Thursday, January 14, 2021

Those Silver Bones

image from

 Those Silver Bones

“I don’t know what it is, but there is just something

extraordinary about the Kalakala.”--Steve Russell.

There once was an Art Deco ferry boat called the

Kalakala. It was launched in 1935 as a ray of hope

during the Depression. It was like a Buck Rogers

space ship churning her way through Puget Sound,

like a Flash Gordon mini-ocean liner, turning heads

for 25 years, like a king-sized turkey roaster with a 

double row of perfect round portholes marching along

each side, one on the car deck, and one for the 

passengers above. A huge flying bridge protruded

out over the bow, capturing a hammerhead profile,

with two tall bow doors opening to a slender bow,

pointed like a sea bird’s beak, like a great shiny sea-

going Indian war canoe--a majestic proud polished

Dali vessel. 

She was decommissioned in 1960. A Californian

bought it to make a restaurant and casino out of

it. It sailed down the coast on its own steam. That

dream failed, and it was bought, and towed to Kodiak

Island in Alaska where it became a rusty scrap heap.

A guy in Seattle bought it, and docked it on the

south end of Lake Union, where it continued to 

deteriorate. In 2012 it was sold for one dollar to

a fellow in Tacoma who towed it to a dock in the

Waterway. After a year, it begin to list starboard,

sadly sinking. She became a hazard to other ships,

so they pumped her bilges and righted her.That’s 

when I met her.

 She was at an industrial dock, not open to the

public.
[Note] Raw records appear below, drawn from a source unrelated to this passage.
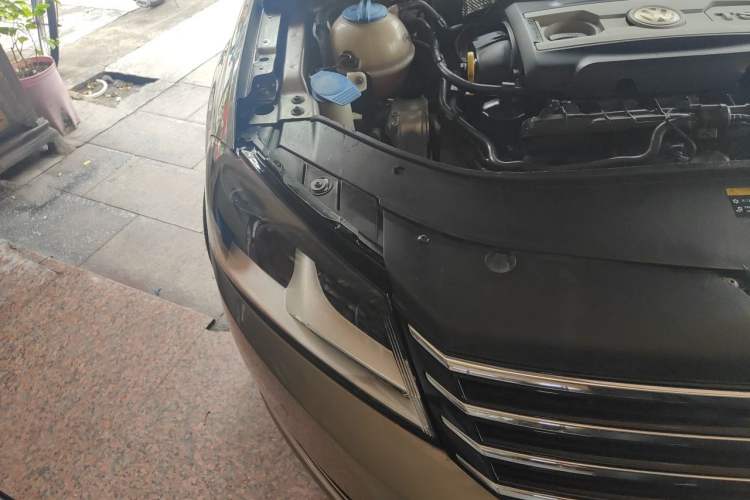 Used Volkswagen Magotan 2012 Travel Edition 2.0 TSI Luxury Version Right Front Headlight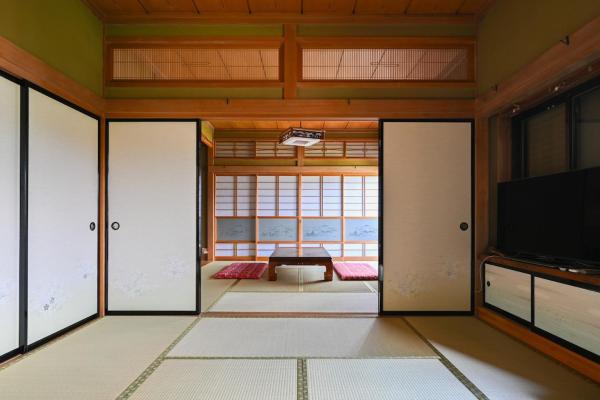 A la foto es mostra l'objecte Koh plus 香プラスRyokan-Style Stay Just 4 Minutes from Chino Station situat a la ciutat de Chino.
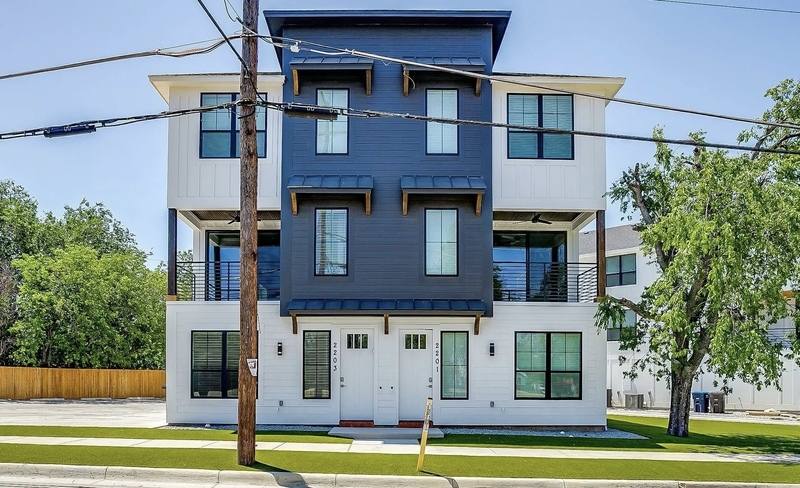 Apartment for rent at 2201 W Devitt St, Fort Worth, TX 76110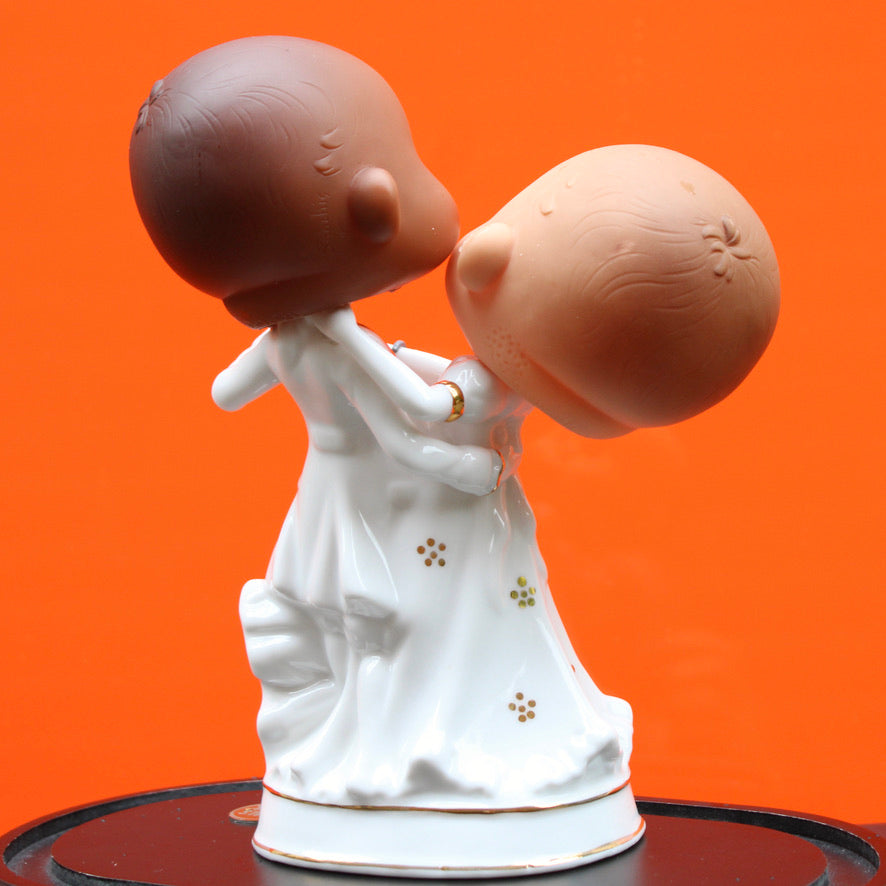 werk 58. LATE NIGHT DANCE in ovale stolp 26X15X34cm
I got permission to photograph it. She was

docked near an empty office trailer. There was a

weather-beaten sign that read--See the Kalakala;

soon to be restored. The sign was rotting, and was 

smeared with sea gull crap. 

There she was, the Silver Lady. She was aware of 

me as she preened and posed. Her bow doors were 

sprung open, an invite for gulls and crows. There were

two huge truck tires hanging starboard to protect her

from the dock. Her beautiful Native American name 

was covered up with plywood, her stainless steel 

railings were twisted and bent up along her upper deck, 

the flying bridge was pummeled with broken porthole 

glass, her car deck was greasy and splintered, her

stylish benches and tables were lop-sided, she was

pock-marked everywhere with rust holes and

barnacle blemishes, straining like an old athlete rising 

up on shaky timbers one more time, but too arthritic to 

take a bow during her final applause.

I captured images until I began to lose the light,

then just stood there for a while watching her patina

edges soften. I felt like I had experienced an

audience with exiled royalty.  

In ’58 I

saw her shining glorious

in Elliott Bay.

Glenn Buttkus

Posted over at d'Verse Poet's Pub MTB


JadeLi said...

She sounds like a real beauty, Glenn. I bet she loved feeling pretty again in the eye of your camera. We have a couple of big water vessels here that have been through their trials and tribulations as well (The SS Milwaukee Clipper, The LST 393, and the USS Silversides.)

calmkate said...

Great tribute to a most unusual vessel ... something like that could be a great floating gallery! Glad you saw her at both ends of her life

indybev said...

A fascinating read, Glenn. You made the grand lady become very proud and real to those of us reading your story. Sad to discover she's been dismantled, and bits and pieces of her sold and scattered all over the world. What stories she could tell.

Grace said...

This is a wonderful story Glenn. How interesting to see all of these in your words.

Ingrid said...

This was a sad but fascinating story of your 'Silver Lady' Glenn! I'm not sure how you managed to fit such history and emotion into the space of your poem, but you certainly did!

Kim M. Russell said...

I’d never heard of an Art Deco ferry boat called the Kalakala – and I love Art Deco – so this had me intrigued, Glenn. I love that she was launched ‘as a ray of hope during the Depression’ and enjoyed your description of her, especially as ‘a majestic proud polished Dali vessel’. I was pleased that she was made into a restaurant, but sad that she became a rusty scrap heap. But one man’s scrap heap is another man’s work of art and, thankfully, your photographer’s eye picked her out, ‘pock-marked everywhere with rust holes and barnacle blemishes’ and ‘too arthritic to take a bow during her final applause’, to make her beautiful again.

Kerfe said...

The fate of so many dreams...and yet the scraps still wait for the right soul to restore them.

Sanaa Rizvi said...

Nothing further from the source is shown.